Setelah berjuang berjam-jam, kue akhirnya matang. Namun, bentuknya tidak seperti yang diharapkan. Kue tersebut terlihat seperti gunung cokelat yang meletus, dengan lapisan cokelat leleh yang berantakan.
"Sayang, lihat kue ulang tahunmu!" kata Lusi, dengan sedikit malu.
Rangga tertawa terbahak-bahak. "Ini… lucu sekali! Sepertinya gunung berapi cokelat yang sedang meletus!"
"Tapi aku sudah berusaha keras!" Lusi sedikit kecewa.
"Aku tahu, Sayang. Dan itu sangat berharga bagiku. Rasanya pasti enak kok!" Rangga memeluk Lusi, menghibur istrinya.
Malam harinya, mereka merayakan ulang tahun Rangga dengan kue "gunung berapi" tersebut.

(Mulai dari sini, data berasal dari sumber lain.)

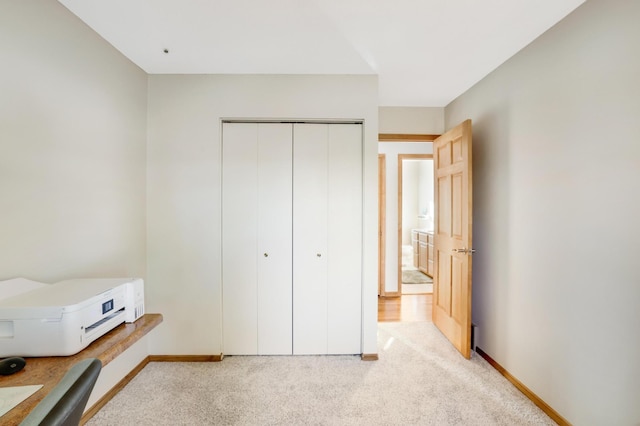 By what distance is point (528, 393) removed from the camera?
6.58ft

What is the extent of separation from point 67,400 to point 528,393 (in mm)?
2608

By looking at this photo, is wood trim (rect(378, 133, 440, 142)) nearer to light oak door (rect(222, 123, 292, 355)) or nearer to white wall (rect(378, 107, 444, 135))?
white wall (rect(378, 107, 444, 135))

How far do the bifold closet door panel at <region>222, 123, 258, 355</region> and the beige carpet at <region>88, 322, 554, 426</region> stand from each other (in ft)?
1.69

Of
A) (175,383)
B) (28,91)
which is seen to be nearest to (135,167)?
(28,91)

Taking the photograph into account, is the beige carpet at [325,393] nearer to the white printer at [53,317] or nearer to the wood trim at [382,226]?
the white printer at [53,317]

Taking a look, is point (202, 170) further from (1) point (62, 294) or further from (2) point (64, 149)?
(1) point (62, 294)

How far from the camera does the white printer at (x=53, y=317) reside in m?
1.12

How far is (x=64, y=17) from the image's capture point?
5.49 feet

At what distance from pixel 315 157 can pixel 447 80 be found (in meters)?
1.43

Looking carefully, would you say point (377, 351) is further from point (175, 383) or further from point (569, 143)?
point (569, 143)

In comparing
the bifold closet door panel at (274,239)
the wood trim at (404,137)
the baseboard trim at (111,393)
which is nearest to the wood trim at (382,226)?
the wood trim at (404,137)

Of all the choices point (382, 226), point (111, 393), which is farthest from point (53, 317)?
point (382, 226)

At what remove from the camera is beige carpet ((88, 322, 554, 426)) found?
183 centimetres

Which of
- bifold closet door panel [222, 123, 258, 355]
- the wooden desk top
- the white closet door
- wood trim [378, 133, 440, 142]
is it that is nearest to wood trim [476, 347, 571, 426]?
the white closet door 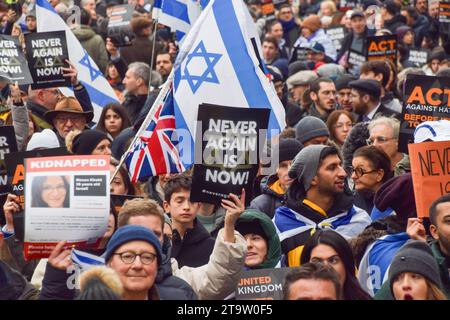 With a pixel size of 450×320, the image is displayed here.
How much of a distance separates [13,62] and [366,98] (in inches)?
133

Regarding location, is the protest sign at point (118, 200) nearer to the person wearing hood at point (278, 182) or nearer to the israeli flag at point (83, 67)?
the person wearing hood at point (278, 182)

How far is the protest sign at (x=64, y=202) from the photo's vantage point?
7.25m

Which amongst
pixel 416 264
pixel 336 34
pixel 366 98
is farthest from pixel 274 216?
pixel 336 34

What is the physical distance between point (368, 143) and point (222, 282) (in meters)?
3.34

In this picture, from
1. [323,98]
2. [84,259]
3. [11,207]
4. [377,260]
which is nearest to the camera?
[84,259]

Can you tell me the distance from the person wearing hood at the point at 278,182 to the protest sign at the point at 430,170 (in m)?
1.23

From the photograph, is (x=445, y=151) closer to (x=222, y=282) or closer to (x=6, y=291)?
(x=222, y=282)

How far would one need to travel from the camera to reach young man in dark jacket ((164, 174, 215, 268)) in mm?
8797

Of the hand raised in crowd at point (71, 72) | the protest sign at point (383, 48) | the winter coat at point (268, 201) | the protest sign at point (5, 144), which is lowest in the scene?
the winter coat at point (268, 201)

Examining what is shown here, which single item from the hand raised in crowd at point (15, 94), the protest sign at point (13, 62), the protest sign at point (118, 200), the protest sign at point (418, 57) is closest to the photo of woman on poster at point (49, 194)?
the protest sign at point (118, 200)

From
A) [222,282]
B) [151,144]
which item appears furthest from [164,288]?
[151,144]

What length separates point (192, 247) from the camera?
348 inches

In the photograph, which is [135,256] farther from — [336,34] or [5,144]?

Mereka tertawa terbahak-bahak saat kue tersebut hancur saat dipotong.
"Ini kue ulang tahun paling unik yang pernah kumakan," kata Rangga, sambil membersihkan cokelat yang belepotan di wajahnya.
"Ya, dan paling berkesan," tambah Lusi, sambil tertawa. "Tahun depan, kita pesan saja ya?"
Keesokan harinya, mereka berencana untuk mengganti gorden kamar tidur. Rangga, dengan percaya diri, mencoba untuk memasang gorden tersebut sendiri. Namun, ia salah mengukur, dan gorden tersebut terlalu pendek. Lagi-lagi, tawa menggema di rumah mereka.
"Sayang, gordennya… terlalu pendek!" kata Rangga, dengan wajah sedikit merah.
Lusi tertawa terbahak-bahak. "Tidak apa-apa, Sayang! Kita bisa beli yang baru. Yang lebih panjang, ya?"